The (degenerate) subsimplex of Λ[n+2, i] concentrated in vertex k.

Equations

SSet.horn.const n i k m = ⟨SSet.stdSimplex.const (n + 2) k m, ⋯⟩

@[simp]

theorem SSet.horn.const_coe (n : ℕ) (i k : Fin (n + 3)) (m : SimplexCategory ᵒᵖ) :

↑(const n i k m) = stdSimplex.const (n + 2) k m

def SSet.horn.edge (n : ℕ) (i a b : Fin (n + 1)) (hab : a ≤ b) (H : {i, a, b}.card ≤ n) :

(horn n i).obj (Opposite.op (SimplexCategory.mk 1))

The edge of Λ[n, i] with endpoints a and b.

This edge only exists if {i, a, b} has cardinality less than n.

Equations

SSet.horn.edge n i a b hab H = ⟨SSet.stdSimplex.edge n a b hab, ⋯⟩

@[simp]

theorem SSet.horn.edge_coe (n : ℕ) (i a b : Fin (n + 1)) (hab : a ≤ b) (H : {i, a, b}.card ≤ n) :

↑(edge n i a b hab H) = stdSimplex.edge n a b hab

def SSet.horn.edge₃ (n : ℕ) (i a b : Fin (n + 1)) (hab : a ≤ b) (H : 3 ≤ n) :

(horn n i).obj (Opposite.op (SimplexCategory.mk 1))

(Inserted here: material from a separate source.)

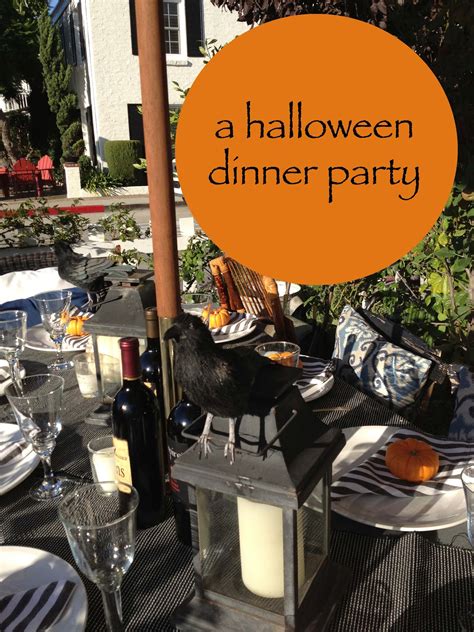 An oversized runner of black and white chevron set the stage for white chargers, black plates and white soup bowls topped with black linen napkins. The Willows Home & Garden: halloween dinner party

Alternative constructor for the edge of Λ[n, i] with endpoints a and b, assuming 3 ≤ n.

Equations

SSet.horn.edge₃ n i a b hab H = SSet.horn.edge n i a b hab ⋯

@[simp]

theorem SSet.horn.edge₃_coe_down (n : ℕ) (i a b : Fin (n + 1)) (hab : a ≤ b) (H : 3 ≤ n) :

(↑(edge₃ n i a b hab H)).down = SimplexCategory.Hom.mk { toFun := ![a, b], monotone' := ⋯ }

def SSet.horn.primitiveEdge {n : ℕ} {i : Fin (n + 1)} (h₀ : 0 < i) (hₙ : i < Fin.last n) (j : Fin n) :

(horn n i).obj (Opposite.op (SimplexCategory.mk 1))

The edge of Λ[n, i] with endpoints j and j+1.

This constructor assumes 0 < i < n, which is the type of horn that occurs in the horn-filling condition of quasicategories.

Equations

SSet.horn.primitiveEdge h₀ hₙ j = SSet.horn.edge n i j.castSucc j.succ ⋯ ⋯

@[simp]

theorem SSet.horn.primitiveEdge_coe_down {n : ℕ} {i : Fin (n + 1)} (h₀ : 0 < i) (hₙ : i < Fin.last n) (j : Fin n) :

(↑(primitiveEdge h₀ hₙ j)).down = SimplexCategory.Hom.mk { toFun := ![j.castSucc, j.succ], monotone' := ⋯ }

def SSet.horn.primitiveTriangle {n : ℕ} (i : Fin (n + 4)) (h₀ : 0 < i) (hₙ : i < Fin.last (n + 3)) (k : ℕ) (h : k < n + 2) :

(horn (n + 3) i).obj (Opposite.op (SimplexCategory.mk 2))

The triangle in the standard simplex with vertices k, k+1, and k+2.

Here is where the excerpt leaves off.